No właśnie, co wtedy? Co wtedy może rodzic, jeśli dziecko gwiżdże na wszystko, jeśli nie chce się modlić, chodzić do kościoła? Zostawić mu wolność?

Absolutnie nie przymuszać. Bo jeśli się namolnie nakazuje, to skutek jest odwrotny.

Ale danie dziecku wolności w zrezygnowaniu z Boga, to ogromny trud i krzyż dla wierzącego rodzica.
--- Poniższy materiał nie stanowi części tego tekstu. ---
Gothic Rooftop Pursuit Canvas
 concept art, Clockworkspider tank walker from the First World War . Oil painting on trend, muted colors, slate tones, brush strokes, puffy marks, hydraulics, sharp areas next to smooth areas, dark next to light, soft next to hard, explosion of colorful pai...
Wiele razy słyszałem, jak młodzi mówili: „Jak jestem w domu, to do kościoła chodzę dla rodziców, gdzie indziej nie chodzę i już”. To oczywiście jest za mało. Nie można zmuszać, ale też nie można powiedzieć: „Rób, co chcesz, to twój wybór”. Nie. Ja muszę powiedzieć, że mnie się to nie podoba, że robisz źle, ale jesteś moim dzieckiem i wiedz, że ja ciebie nie wyrzucam z mojego serca, a mogę dla ciebie zostawić miejsce na zawsze w swoim domu, więc nie chciej, żebym tylko dla świętego spokoju pochwalał twoje postępowanie. To byłby brak szacunku dla ciebie. W tej chwili tego nie rozumiesz, ale mam nadzieję, że kiedyś pojmiesz. Ale to działa tylko wtedy, jeśli sami chodzimy do kościoła, bo często dzieci mówią: ”Jak oni żyją, nakazują nam, a sami się kłócą, do kościoła chodzą rzadko, kradną, naciągają, a nam każą chodzić do kościoła”.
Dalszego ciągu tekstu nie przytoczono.